The main theme of the record is centered around courage and perseverance when faced with personal struggles of self-doubt. Johnston divulges his experiences growing as both a musician and artist and the challenges that go hand in hand with coming of age in this new age of the arts – where everybody wants a taste of fame and often it can feel like authenticity and integrity are being slowly cast aside in favour of material things. The whole idea of first single “Angel of Libra” revolved around hope – It is based upon the story of the Archangel Joseph, who will help guide you when there is confusion or a feeling of being lost.
Opening track, “Curtis“, introduces us to the idea of being ‘bold not safe’ and questioning one’s life choices, which sets the tone for the rest of the record. The song’s title is a tribute to Curtis Mayfield, one of the most influential soul artists of all time, whose lyrics were particularly politically conscious especially in relation to African-American music and whose sound heavily inspired the sound of the record.
Second track “All Your Love“ is about love, lust and the passions & desires of newfound romance. The upbeat, light and breezy brass heavy tune is juxtaposed both lyrically and musically with the third song on the record, “Nine Angel Choirs”, an old school love ballad accompanied by lush vocal harmonies and some cheesy lines asking a lover to “smile won’t you smile and tell me you love me”.

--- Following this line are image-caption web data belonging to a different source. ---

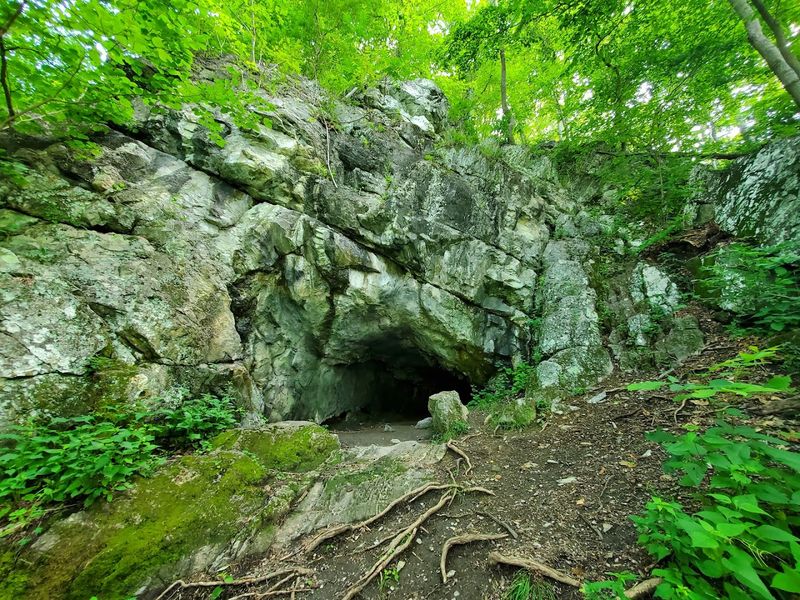 The Faery Cave: A Hidden Side Trail The Faery Cave: A Hidden Side Trail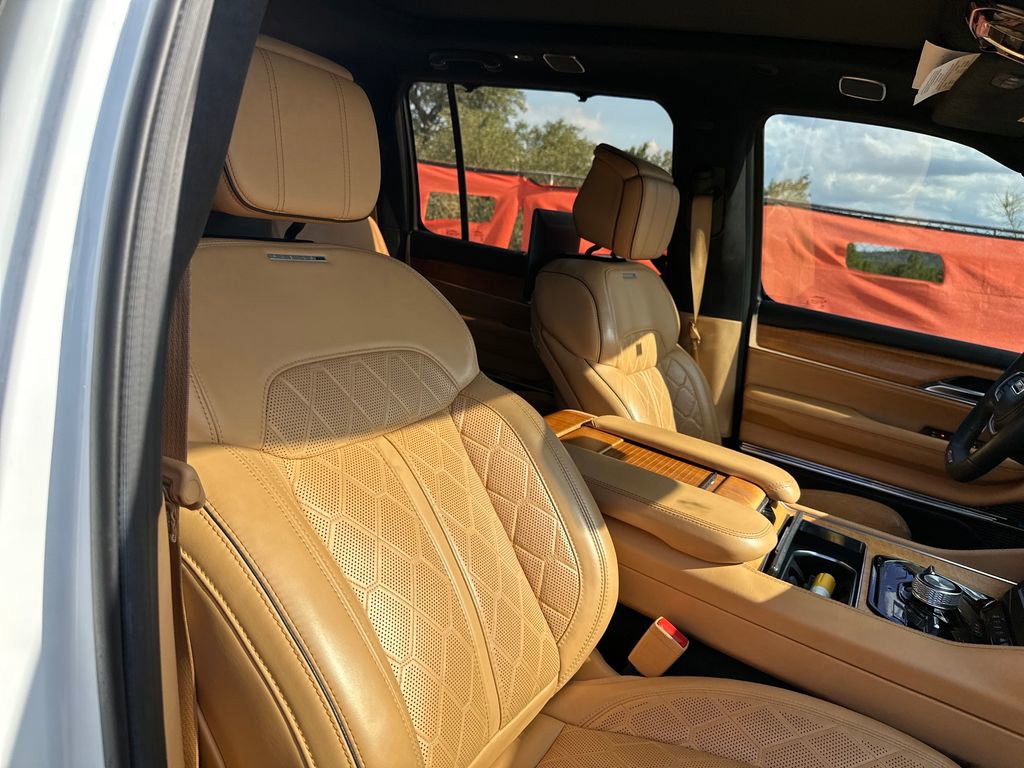 Used 2022 Jeep Grand Wagoneer Series III w/ Rear Seat Video Group 1 AWD/4WD image 35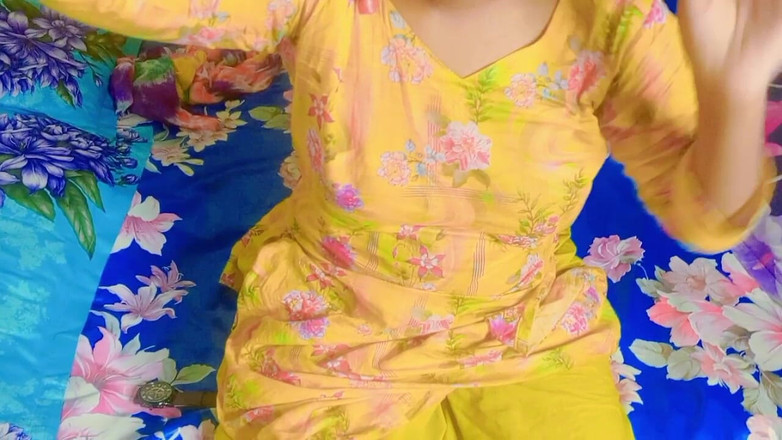 Mimakter: मैंने अपनी छोटी सौतेली बहन के लिए नए कपड़े खरीदे और उसे चूमा।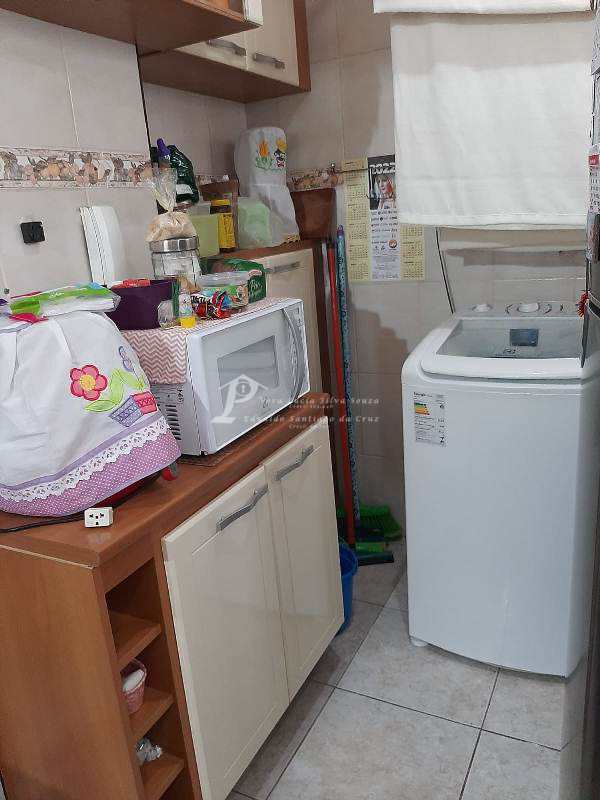 Apartamento à venda com 1 quarto, 45m² - Foto 2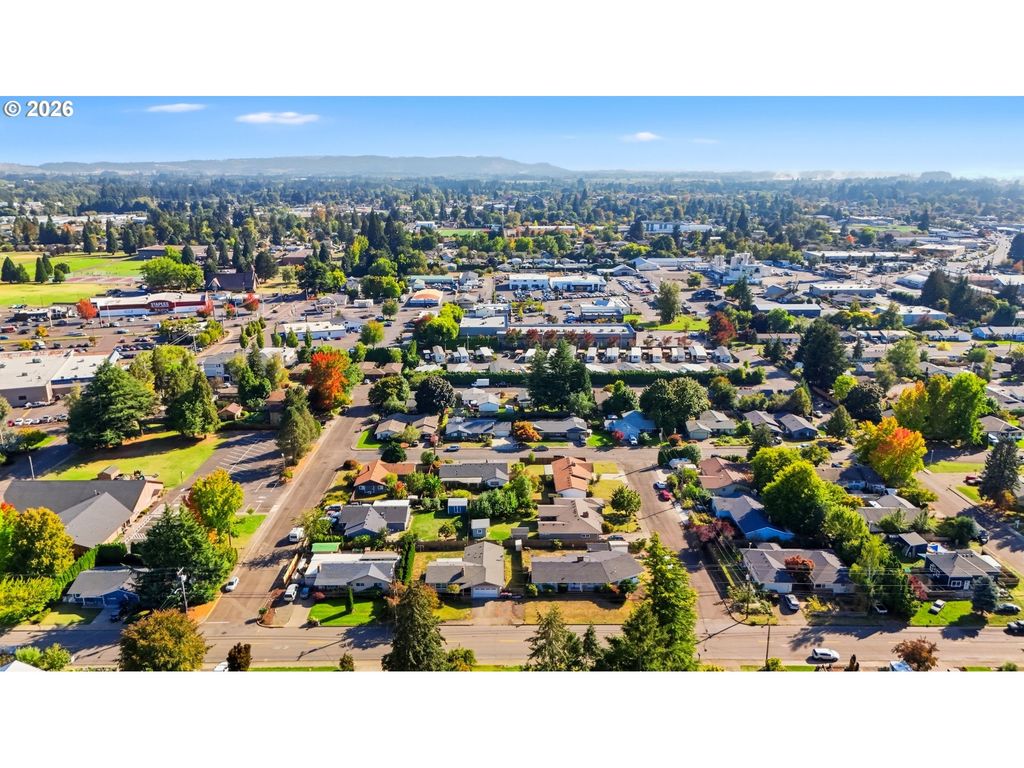 Image 42 of property listing at 2608 Ne IRVINE St, Mc Minnville, OR 97128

“In A Different World” examines what it may be like to live in someone else’s shoes. There is an element of social and political commentary here with trying to find some solidarity among those who have not had it so easy. The song invites us to try to acknowledge what we have, stop comparing with others and to make peace with the hand we are dealt.

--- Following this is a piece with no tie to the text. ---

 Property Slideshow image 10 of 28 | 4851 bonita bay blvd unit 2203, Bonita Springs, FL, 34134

“Curtis (Reprise)” is both a wink and a nod to the theme of “Curtis”, only this time we take the approach of being on the ‘outside looking in’. Before we are swept away into a heist scene from the Italian Job, with almost rallying horns and bass lines, Johnston delivers some heartfelt spoken word commentary about what it means to be a musician and how our needs and wants change as we get older.
The second side of the record opens with “Modern Times” – where we continue with the theme of disillusionment with society and what it means to be honest. The song was vocally and lyrically inspired by Charles Bradley’s passing and some of the lyrics are an homage to Bradley‘s truth and honesty in his lyrics and his story of working odd jobs most of his life until he finally got a break when he was already in his 50s. This is a real show of what it means to never give up.
In contrast to the more introspective lyrics of “Modern Times”, the next tune, “Jericho” leads us on a much darker road with social commentary from Johnston on the current global state of affairs, fake news and conspiracies.
“Icarus” is the only instrumental on the album, a super groovy upbeat song that still has a dark and eerie feel to it provided by the sound of the Philicorda. The final song “Euphoria” deals with the normalization of ‘class A’ drugs among youths and how it is affecting people’s sense of belonging and the need to join in so as not to feel left out.